**Task objective:** Please give back the listing below in full. Change nothing.

**Dataset content:**
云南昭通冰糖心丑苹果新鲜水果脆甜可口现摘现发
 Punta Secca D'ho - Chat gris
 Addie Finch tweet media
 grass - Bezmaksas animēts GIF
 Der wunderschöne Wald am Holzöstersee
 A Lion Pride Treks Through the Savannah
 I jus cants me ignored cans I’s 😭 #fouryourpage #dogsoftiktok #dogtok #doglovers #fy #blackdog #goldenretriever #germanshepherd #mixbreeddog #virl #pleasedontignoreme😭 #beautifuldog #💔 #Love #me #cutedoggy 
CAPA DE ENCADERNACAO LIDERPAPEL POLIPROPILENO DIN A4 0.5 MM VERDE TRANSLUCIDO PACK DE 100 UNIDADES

**Result of this task:**
云南昭通冰糖心丑苹果新鲜水果脆甜可口现摘现发
 Punta Secca D'ho - Chat gris
 Addie Finch tweet media
 grass - Bezmaksas animēts GIF
 Der wunderschöne Wald am Holzöstersee
 A Lion Pride Treks Through the Savannah
 I jus cants me ignored cans I’s 😭 #fouryourpage #dogsoftiktok #dogtok #doglovers #fy #blackdog #goldenretriever #germanshepherd #mixbreeddog #virl #pleasedontignoreme😭 #beautifuldog #💔 #Love #me #cutedoggy 
CAPA DE ENCADERNACAO LIDERPAPEL POLIPROPILENO DIN A4 0.5 MM VERDE TRANSLUCIDO PACK DE 100 UNIDADES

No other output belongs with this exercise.